How they are introduced makes them even more impressive. One Colossus has you traveling through a meandering valley in the dark, then a small forest, and finally you reach a lake. The music cuts out and all is silent. In the middle of the lake is a huge platform reaching high up, you must dismount Agro and swim. As you swim you feel uneasy, unprotected and nervous. There is a narrow spiraling pathway that leads up to the top of the platform. After you traverse it and do a few jumps you are on the top. There is the Colossus, it's just sitting there, it sees you and gets up… and so commences the fight. They truely are monstrosities, yet magnificent and marvelous at the same time.
Then you have to kill them. Generally this will involve you literally climbing up and onto the Colossi and finding their weak points, which are these bright blue glyphs. Stabbing the weak points will take a chunk off their health meters; usually there are two weak points on a Colossus and you'll have to find both to finish it off. Oh yeah it sounds simple, find giant blue spot, stab it a few times, do it again for the other spot, voila, dead Colossi.
It's not. The Colossi will make itself difficult to climb, usually you'll have to lure it into crouching or something so you can jump and grab that tuft of coarse hair on it's thigh and start climbing. Then once you finally 'mount' it, it will buck and sway and you'll be totally hopeless up there. All you can do is hold down the R1 button and hold on for dear life. You're 'grip' meter will diminish as you climb and are tossed about, but as long as it has some juice left in it you'll hang on tightly. Don't worry though your arsenal isn't limited to just a sword, you also have a bow… and that's it. Oh yeah and you can only shoot the bow while stationary, even better.

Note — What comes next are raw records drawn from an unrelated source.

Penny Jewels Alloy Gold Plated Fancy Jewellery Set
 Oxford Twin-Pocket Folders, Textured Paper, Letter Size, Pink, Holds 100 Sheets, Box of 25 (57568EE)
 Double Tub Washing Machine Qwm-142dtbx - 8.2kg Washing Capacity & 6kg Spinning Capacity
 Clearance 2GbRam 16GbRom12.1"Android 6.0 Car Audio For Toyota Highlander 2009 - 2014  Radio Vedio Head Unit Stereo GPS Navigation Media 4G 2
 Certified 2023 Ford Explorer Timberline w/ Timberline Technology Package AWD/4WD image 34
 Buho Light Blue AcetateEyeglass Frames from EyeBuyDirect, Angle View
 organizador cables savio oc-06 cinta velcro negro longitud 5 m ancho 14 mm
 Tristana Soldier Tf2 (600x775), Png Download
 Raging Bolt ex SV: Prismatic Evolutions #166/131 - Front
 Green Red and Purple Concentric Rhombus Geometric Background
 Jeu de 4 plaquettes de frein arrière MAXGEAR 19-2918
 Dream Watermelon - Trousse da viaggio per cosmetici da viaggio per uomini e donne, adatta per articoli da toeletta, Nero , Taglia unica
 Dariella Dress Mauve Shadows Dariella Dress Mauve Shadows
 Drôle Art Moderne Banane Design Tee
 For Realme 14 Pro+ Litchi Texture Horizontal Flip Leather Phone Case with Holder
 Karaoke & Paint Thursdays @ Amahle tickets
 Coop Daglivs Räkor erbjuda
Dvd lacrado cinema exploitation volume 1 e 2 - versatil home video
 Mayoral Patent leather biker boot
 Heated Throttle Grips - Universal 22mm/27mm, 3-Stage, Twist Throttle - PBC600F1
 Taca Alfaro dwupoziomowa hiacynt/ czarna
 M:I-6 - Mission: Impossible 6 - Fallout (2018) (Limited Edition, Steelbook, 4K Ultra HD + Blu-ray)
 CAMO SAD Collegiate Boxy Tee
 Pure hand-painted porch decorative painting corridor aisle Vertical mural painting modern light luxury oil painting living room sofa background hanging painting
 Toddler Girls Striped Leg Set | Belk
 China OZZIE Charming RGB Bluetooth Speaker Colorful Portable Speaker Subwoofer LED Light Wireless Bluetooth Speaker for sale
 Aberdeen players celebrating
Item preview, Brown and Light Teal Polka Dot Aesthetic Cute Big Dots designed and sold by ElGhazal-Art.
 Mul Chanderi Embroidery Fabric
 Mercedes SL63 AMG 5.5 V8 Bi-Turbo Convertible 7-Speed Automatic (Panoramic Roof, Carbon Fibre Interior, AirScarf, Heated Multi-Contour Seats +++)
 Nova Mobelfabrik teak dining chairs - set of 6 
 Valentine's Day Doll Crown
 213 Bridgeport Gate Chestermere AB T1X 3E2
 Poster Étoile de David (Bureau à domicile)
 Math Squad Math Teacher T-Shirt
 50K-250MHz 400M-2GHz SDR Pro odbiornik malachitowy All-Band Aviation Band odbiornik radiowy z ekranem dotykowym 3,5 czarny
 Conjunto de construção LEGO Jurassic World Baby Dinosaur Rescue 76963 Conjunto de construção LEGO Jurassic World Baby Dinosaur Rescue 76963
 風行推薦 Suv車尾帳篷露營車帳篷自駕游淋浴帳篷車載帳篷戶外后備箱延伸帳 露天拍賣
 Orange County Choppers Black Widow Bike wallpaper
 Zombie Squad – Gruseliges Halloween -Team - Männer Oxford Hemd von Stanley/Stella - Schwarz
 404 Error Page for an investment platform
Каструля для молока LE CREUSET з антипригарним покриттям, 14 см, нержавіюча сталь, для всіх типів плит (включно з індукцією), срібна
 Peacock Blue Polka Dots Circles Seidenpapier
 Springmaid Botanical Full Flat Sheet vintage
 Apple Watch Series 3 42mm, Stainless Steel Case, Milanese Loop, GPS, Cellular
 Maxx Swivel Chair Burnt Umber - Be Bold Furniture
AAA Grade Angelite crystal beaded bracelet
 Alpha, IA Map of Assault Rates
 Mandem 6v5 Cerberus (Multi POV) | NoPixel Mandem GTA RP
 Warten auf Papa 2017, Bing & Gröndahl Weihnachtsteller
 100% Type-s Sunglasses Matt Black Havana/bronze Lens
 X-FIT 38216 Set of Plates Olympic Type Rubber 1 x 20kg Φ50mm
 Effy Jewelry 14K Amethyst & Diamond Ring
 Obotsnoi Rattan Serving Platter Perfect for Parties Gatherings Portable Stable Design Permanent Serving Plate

There is nothing, I repeat there is nothing out in the game market that captures such intensity and majesty like fighting a Colossus. When you're hanging onto the back on a giant Colossus and it shakes itself like a wet dog, the camera sways frantically, some light motion blur convolutes everything and the hero is being shaken like a ragdoll, wow, there's nothing like it. Then the music kicks into this grand spirit-lifting tempo whenever you're on a Colossus and, geez, the whole scene is just absolutely astounding. Also you fight Colossi in relatively flat areas, so there's no climbing a tower and then jumping on it, no way, you got to get on top the old fashioned way.
Every time you stab a Colossus you feel it, you feel the brutality, the almost sheer cruelty of the action. The moment your blade penetrates it will cry out in pain and its animalistic reactionary instincts are practically tangible. You'll connect with the Colossus right there and almost understand what it's going through, it's that vivid. Then when you finally defeat a Colossus after an epic struggle, the death animation will hit you every time. Such a mysterious and grand creature dieing by your hand, is very touching. It is really something to see a Colossus topple over; seeing a geyser of bodily fluid and blood spewing out of its weak points, hearing its horrible groan of pain and witnessing it crash into the ground with a thunderous boom.
Shadow of the Colossus is a journey that if you choose to take will be unique and memorable. Every Colossus is special and requires a different strategy to defeat, not all of them are humanoid either; some are beasts of the air and fly for example. Sure it has a handful of minor flaws like a poor framerate, sometimes-glitchy grab detection and overall lack of direction. But nothing detracts from the joy of the hunt, the intensity of the battle and the remorse of the kill.